From the information given, it is hard to give a proper answer. So I could only provide some thoughts:
The web app should have 100% up time
This is pretty hard to achieve. Even in a one machine local scenario.
You have to fight power outages, failing hardware etc. And as soon as network is involved you have more failing parts, not to speak of the internet and flaky connections.
To throw in some numbers:
- 99.999% availability means 0.87 seconds per day unavaiable
- 99.99% availability means 8.64 seconds per day unavailable
Taken from Google's SRE Book
So even if you could guarantee 99.99% availability on your part, the question is, whether the network the customer uses, is that available.
To decrease network problems you would need some kind of redundant network access for every customer.
A web based solution is good because no user installations are needed
That's true, but comes at the cost of hard(er) to achieve availability.
Some of the data fetched from central database are read-only and are shared between clients
Say you do an on premise installation:
- how were you doing upgrades?
- how do upgrades effect your goal of availability?
- how to deal with different update speeds in terms of consistency? Customer
A has an up to date version of your database, while Customer
B has not, since she/he is still updating?
So, even if you go for an on premise strategy with some "smart updates" the problem of consistency should be thought through.
Clients maybe store their billing or anything else to a central database
This is another interesting topic. Even if you manage the read part with an on premise installation of your data, the network problem for writes stays the same: unreliable connections.
What are the criteria for writes to be accessible by others?
As long as no other than the customer itself needs to have "immediate" access, you could defer the updating part.
How can we handle hybrid online and offline mode when the Internet connection is lost?
Regarding the "read part":
Do an installation of the DB on premise. This is the only chance to rule out network issues. Updates will be one-way and simple: As soon as network is available, updates will be pushed. Problem: eventual consistency.
Regarding the "write part":
Write operations could be queued and delivered when network is available.
When no other customer depends, you have no problems.

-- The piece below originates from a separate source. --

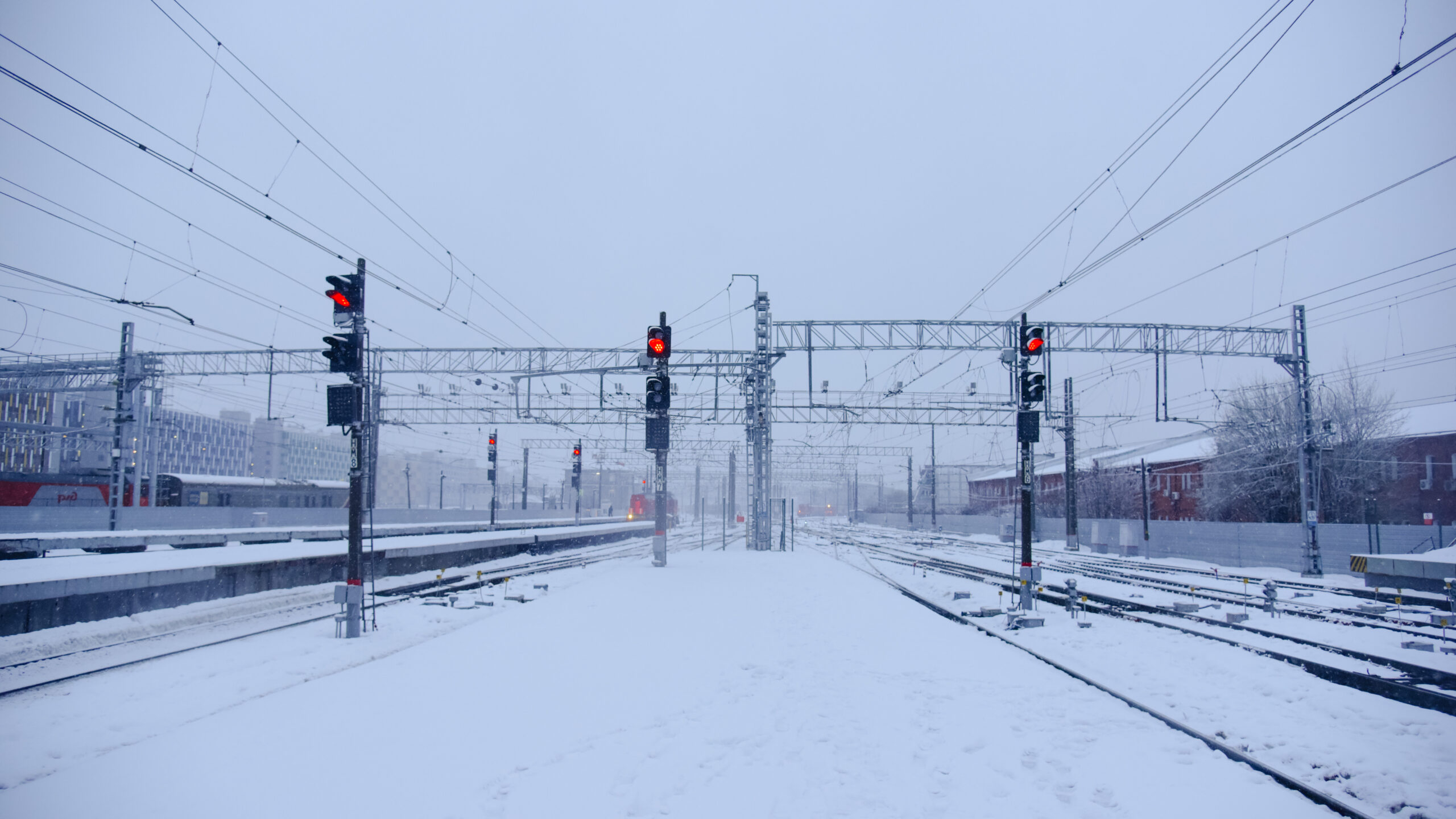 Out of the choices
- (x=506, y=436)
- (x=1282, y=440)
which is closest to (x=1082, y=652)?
Answer: (x=1282, y=440)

But when others depend on the data published, you have again the problem of eventual consistency.
Is there any known method?
Yes and no.
There are several patterns available, but no one size fits all solution.
To give good advice, the concrete scenario has to be known and the tradeoffs you/your customer are willing to accept.
Should we sync updates of database into local customer computer and work with that?
As written above: That seems the best solution so far.
One scenario I could think of would be to use a tablet as target platform. These are cheap devices, so your customer could afford more than one (buying or renting). More than one device increases redundancy in case one device fails to work. Devices could be connected via WiFi and 3/4G redundant to decrease probability of network issues.
Perhaps it would make sense from a security perspective, that you lock down the devices to your usecase, to prevent accidentially installed malware from acces to your data.